No, John's already short of drivers for Cincinnati. Robinson could keep checking, but he can't afford the time. He eats the empty miles and shifts his attention North, to Chicago.

Actually, Con-Way's line-haul dispatch job is even more complicated than the image drawn so far. For example, Robinson's working with only 85 percent of the day's freight orders. The rest come seeping in while he's wrangling his route plan. And an ice storm he hasn't yet heard about may shut down one of his cities, throwing another monkey wrench into his plans.

This complexity is the primary reason Enterprise Value Award winner Con-Way Transportation Services, which operates Con-Way Central, Western, Southern and Canada Express, decided back in 1996 that it needed to automate Robinson's job. The result of this decision, coming after two years of painful development and another two years of deliberately slow deployment, is the line-haul automation system. Each afternoon, this expert system dutifully digests on average 80,000 customer pickup orders and change requests. Its optimization model plots delivery across all the service centers and determines which shipments should be loaded on which truck - all this in seven minutes flat. The incremental efficiencies generated have repaid the $3 million investment within the first two years.

Even without that kind of hard-dollar return, Con-Way would have funded the project simply because it could not sustain the status quote stressful dispatch position was difficult to fill and had a learning curve as long as 18 months. The procedures and business rules the dispatchers followed were undocumented, making the company uncomfortably dependent on the knowledge in the dispatchers' heads. A line-haul automation system with an optimization model at its heart would get the job done faster and more consistently, letting dispatchers use their time to troubleshoot problems that could jeopardize on-time delivery. And Con-Way would be able to extend its cutoff time for overnight shipment requests, letting customers submit orders, when necessary, right up until the end of the business day - a competitive advantage, since businesses would rather not have to arrange their activities around shippers' schedules.
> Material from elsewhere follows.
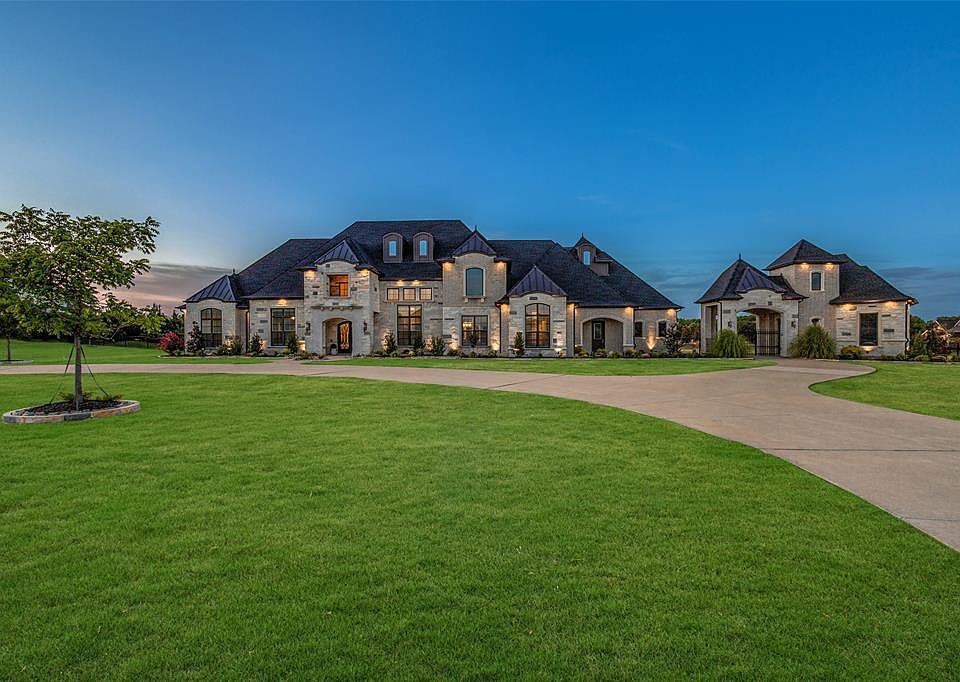 1st image of 800 N Bluffview Dr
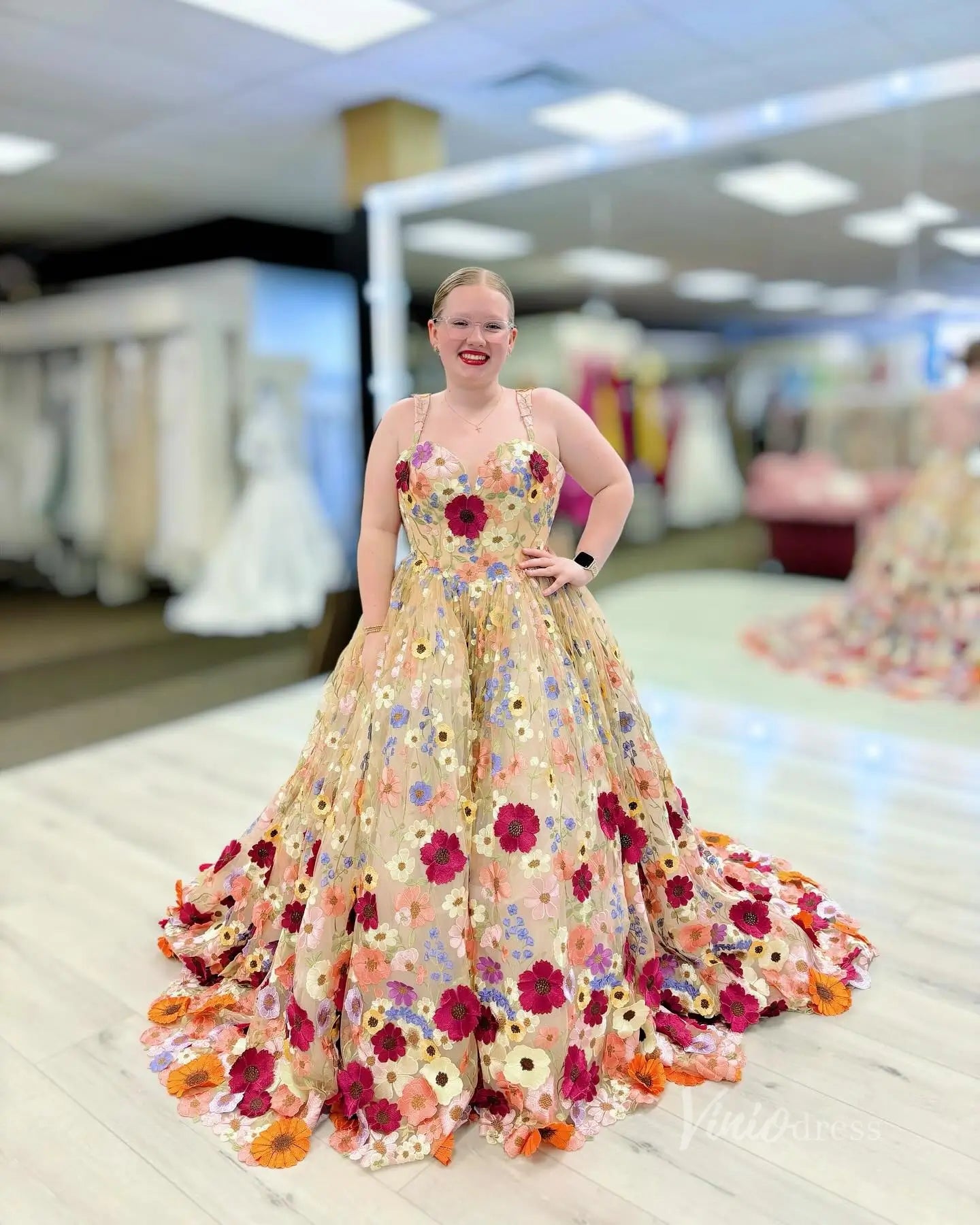 Whimsical Champagne Floral Appliqué Ball Gown Wedding Dress with Sweetheart Neckline & Spaghetti Straps – FW238-wedding dresses 2025 -Viniodress-Champagne-Custom Size-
Adapting a System, Not a Business Model

In 1996, Con-Way Central's then Line-haul Director John Labrie contacted a University of Michigan academic consulting group to explore the possibilities of an expert system. While FedEx and other companies have had route optimization models for overnight flights, the kind of technology that applied to less-than-full-truckload line-haul was still largely the stuff of university labs. Con-Way quickly discovered that the university group and other outside developers would require the company to modify its fairly unusual business model to suit the system. Con-Way plans all delivery routes from the origin site of the shipment, rather than using a hub-and-spoke model, and all its drivers go home at the end of their daily shift. "The alternatives all required us to change, and we knew our model worked very well and was critical to our competitiveness," says Douglas W. Stotlar, Con-Way Transportation's executive vice president and COO.